If you need an option of color, by all means, go with HP. They have the best photo quality out there. Epson is very close, but not quite there. I recommend the 832C first and then the 812C. There isn’t a whole lot of difference between the 812, 832 and the 882, but the 832 uses the higher capacity black cartridge and the 812 uses the 21mil. black cartridge. These cartridges are about $35 for color, and $30 for black. These are retail prices, and are pretty consistant throughout the US. If you buy online or mail order, you will probably get them cheaper.

As for the laser printer, if you’re only planning on printing 2-300 pages per month, you should not spend more than $300 on the printer. HP has a nice one (1100se or 1100xi - different software, same printer) at $300. But, you put the paper in the back standing up, and most people don’t really care for the paper to have a curve in it, which invariably happens. The P8 and P12 I mentioned have trays at the bottom of the printer and cause your paper to be straight.

Also, just a note here, use laser paper in laser printers or inkjet printers. Use inkjet paper in only inkjet printers. The inkjet paper has more water content, and therefore when the image is burned onto the paper, the water causes the paper to ‘roll.’

I hope that helps you!


“I dream that she aims to be the bloom upon my misery”

  • I Miss The Girl Soul Coughing

>>Well, I got HP’s 612C. It worked for a few months, and then crapped out on me.

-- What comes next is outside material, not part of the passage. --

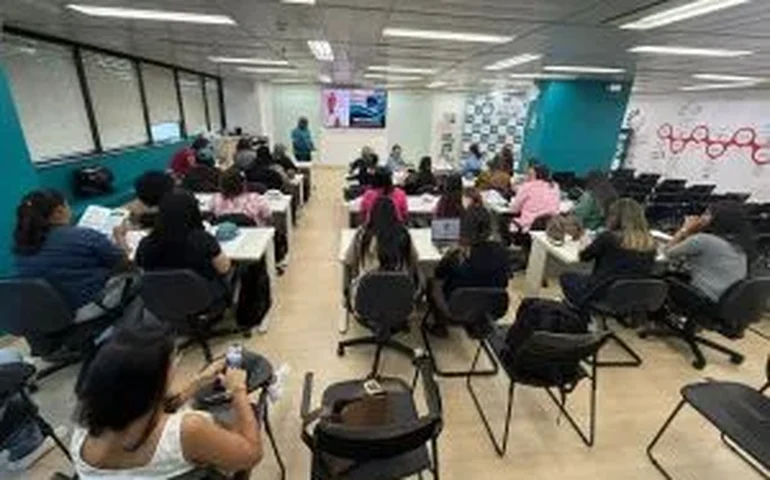 Fujitsu investe em capacitação feminina e incentiva presença de mulheres no setor de climatização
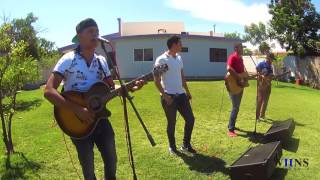 Grupo Nuevo Refuerzo - Fruta Prohibida -(En Vivo )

I still don’t know if it was a software or hardware problem (the software started weirding out on me a week or so before the printer stopped working.) When I returned it to Best Buy for repair (still under warantee) they just replaced it, did not fix it. I wondered about that.<<

+++++

When all is said and done, it is cheaper to replace than repair (they do not even bother to test or debug … just replace).

Also, in the inkjet printer business, the manufacturers have determined that it is more profitable to sell the inkject printers as a loss leader (sold at a loss) and make their money on the sale of replacement (proprietary) ink cartridges.

Sign moi …

1990 = Hewlett-Packard LaserJet IIP
1998 = NEC Silentwriter SuperScript 660

Both are laser printers.

Nothing really against inkjet printers.

Laser printers are just a better fit for my needs.

Terence in Marietta, GA
" … Be someone’s hero … "

Thanks, everyone, for all your input! I never would have guessed there are so many happy HP customers out there – or rather, so many people who would so strongly recommend HP. Good to know.

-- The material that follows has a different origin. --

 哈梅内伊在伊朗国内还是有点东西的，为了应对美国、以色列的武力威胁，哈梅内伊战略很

I posted this topic more or less out of a sense of impending doom. My Epson inkjet has been working perfectly fine, cranking out the pages for the past 2+ years, but I can’t help but think that one of these days she’s just gonna to conk out on me. (I tend to be pessimistic when it comes to the lifespan of computer-related goods, in case you can’t tell.)

I suppose the wisest thing to do would be to buy a laser printer (you all got me sold on HP!) before the inkjet does conk out. I almost never print in color, but it sounds like it’s a lot easier to print on envelopes with an inkjet than with a laser anyway, so it’d be good to have around if only for that.

The most annoying thing about this Epson printer is that I have to replace the friggin’ color ink cartridge once in a while even if I don’t use the color ink. I guess it saps off some of the color ink when it automatically cleans itself, and it thus eventually goes dry. I suppose that’s not just an Epson thing, though.

And in defense of Canon (well, not really, but…), I have to say that I have an ancient Canon bubble-jet printer that, while dormant most of the time now, is still ready for duty on a moment’s notice. It’s survived amazingly well and still prints like a charm – if you can stand to wait 30 seconds for a page to come out!

Anyway, thanks again for all your replies. Much appreciated.